This lesson is in the early stages of development (Alpha version)

# Reproject Raster Data with Rioxarray

## Overview

Teaching: 60 min
Exercises: 20 min
Questions
• How do I call a DataArray to print out its metadata information?

• How do I work with raster data sets that are in different projections?

Objectives
• Reproject a raster in Python using rasterio.

• Accomplish the same task with rioxarray and xarray.

## Things You’ll Need To Complete This Episode

See the lesson homepage for detailed information about the software, data, and other prerequisites you will need to work through the examples in this episode.

Sometimes we encounter raster datasets that do not “line up” when plotted or analyzed. Rasters that don’t line up are most often in different Coordinate Reference Systems (CRS), otherwise known as “projections”. This episode explains how to line up rasters in different, known CRSs.

## Raster Projection in Python

If you loaded two rasters with different projections in QGIS or ArcGIS, you’d see that they would align since these software reproject “on-the-fly”. But with R or Python, you’ll need to reproject your data yourself in order to plot or use these rasters together in calculations.

For this episode, we will be working with the Harvard Forest Digital Terrain Model (DTM).
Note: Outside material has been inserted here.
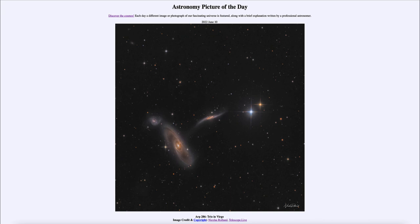Here we get to see a couple of stars showing the different colors and temperatures of stars, as well as a trio of interacting galaxies in the constellation of Virgo. That was our picture of the day for June 10th of 2022, titled ARP 286 Trio in Virgo. We'll be back again tomorrow for the next picture — have a great day everyone, and I will see you in class.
This differs from the surface model data we’ve been working with so far in that the digital surface model (DSM) includes the tops of trees, while the digital terrain model (DTM) shows the ground level beneath the tree canopy.

Our goal is to get these data into the same projection with the `rioxarray.reproject_match()` function so that we can use both rasters to calculate tree canopy height, also called a Canopy Height Model (CHM).

First, we need to read in the DSM and DTM rasters.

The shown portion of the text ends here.